Mountain in New York, United States

Leonard Hill is a 2592 ft mountain in Schoharie County, New York. It is located east-southeast of North Blenheim. Safford Hill is located northwest and Hubbard Hill is located southeast of Leonard Hill. In 1948, the Conservation Commission built an 80 ft steel fire lookout tower on the mountain. The tower ceased fire watching operations at the end of the 1988 season and was officially closed in early 1989. The tower remains on the summit, but is closed to the public.
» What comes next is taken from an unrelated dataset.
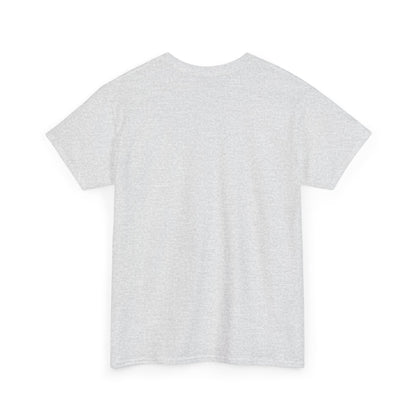 Sometimes a Sheet Just Needs a Hug – Metalsmith T-Shirt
A local group is planning to restore the tower and reopen it to the public.

==History==
In 1948, the Conservation Commission built an 80 ft Aermotor LS40 tower on the mountain. The tower was previously standing at Gilbert Lake State Park from 1932 until it was dismantled and moved. Due to the increased use of aerial detection, the tower ceased fire watching operations at the end of the 1988 season. In early 1989, the tower was officially closed by the New York State Department of Environmental Conservation. The tower remains on the summit, but is closed to the public. Recently a local group has begun plans to restore the tower.